Là, je voyais bien qu'il m'attendait au tournant. Il fallait que je sois sûr de moi. Je me lançai donc dans mon explication, que je souhaitais n'être pas trop hasardeuse.

— Eh bien, s'il a été abattu dans le parc, là où on a retrouvé la branche, le coup de feu aurait pu avoir été tiré aux alentours du mur de soutènement vers le manoir. D'ailleurs, j'ai vu sur le plan l'existence de souterrains. Certains débouchent même dans la forêt, située à l'ouest du manoir, donc en dehors de la propriété, et il y en a aussi un autre, qui débouche près du parc. Malheureusement, lorsque j'ai visité les caves, j'ai bien vu des issues, mais elles semblent avoir été bouchées il y a des siècles par de gros moellons.

Bertier me regarda de son air habituel, la tête légèrement inclinée et ses yeux levés vers moi. Il n’avait jamais l’air surpris. Son visage était impénétrable. Seuls des sourcils légèrement levés en accent circonflexe et son front plissé de rides profondes pouvaient attester d’un soupçon d’étonnement. Avais-je ébranlé ses certitudes ? Cependant, sur de mon bon droit, je décidai de ne pas me laisser démonter. Je continuai donc mon raisonnement.

— Alors, poursuivi-je, je me pose la question suivante : n'existerait-il pas dans le manoir une entrée clandestine, voire une porte dérobée qui pourrait donner directement accès à tous ces souterrains et dont l'un mènerait vers le bout du parc. Et, si c'était le cas, le meurtrier n'aurait-il pas tiré de cet endroit ?

Mon interlocuteur s'arrêta, soupira et se gratta la tête. J’avais suscité une réaction. Il semblait légèrement désarçonné. Mais je fus vite déçu.

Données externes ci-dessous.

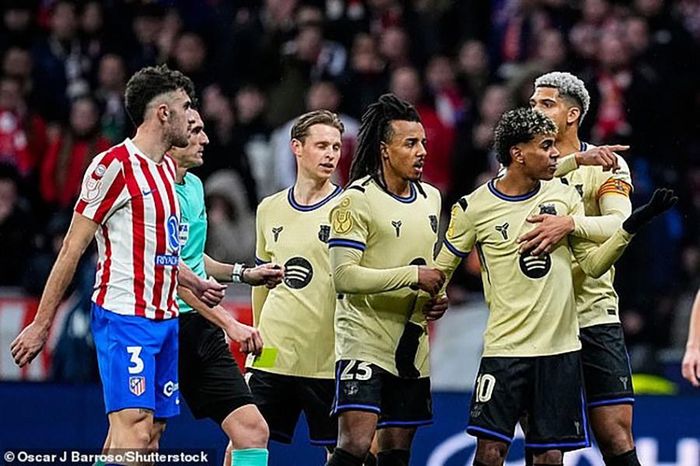 Simeone chế giễu Yamal một cách tàn nhẫn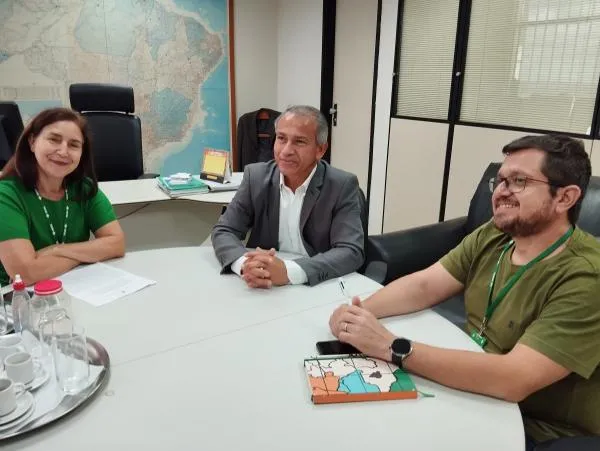 No Incra , vereador pede criação de um calendário com ordem cronológica das atividades da agenda ambiental do Assentamento Jonas Pinheiro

— On a bien fouillé tout le château et on n'a rien trouvé ! Encore une fois, tu as trop d'imagination ! On se croirait dans un de ces romans pour la jeunesse que lisaient mes gosses ! Pfff ! Des souterrains ! N'importe quoi ! Tu te prends vraiment pour Sherlock Holmes !

— Peut-être que j'ai trop d'imagination, mais quand même, ça me tracasse ! Cependant, sur le plan, ces tunnels existent bien ! Et puis il y a ce point-là, sur la carte, d'où ils rayonnent un peu partout et je ne sais pas où ils aboutissent, insistai-je en lui montrant le croquis tiré de mon petit carnet noir. Et puis impossible également de trouver l’emplacement de leur entrée !

— Concentre toi plutôt sur la recherche du meurtrier au lieu de t'attarder sur des détails futiles. Rappelle-toi. Il faut un faisceau d’indices probants. Et pour l’instant, il n’y a pas d’indices. Rien que tes suppositions fumeuses.

— Mais si ces détails permettaient de connaître le mode opératoire du meurtrier et de le retrouver ? insistai-je.

Il poussa un gros soupir et haussa les épaules. Encore une fois, je ne l'avais pas convaincu. Alors, je me mis à douter.

Et si, finalement, je m'étais encore laissé emporter par mon imagination ? D’ailleurs, la voix ne parlait jamais de souterrains. Et puis, c’est vrai, comme le dit souvent ma femme lorsque j’ai une idée en tête, je ne l’ai pas ailleurs…

Il réfléchit un moment.

— Bon, puisque tu y tiens tant, tu iras effectuer tes recherches de ce côté. Pour l’instant, nous allons au manoir questionner ses habitants. Etant donné que tu n’as jamais effectué d’interrogatoires, cela te fera un bon exercice.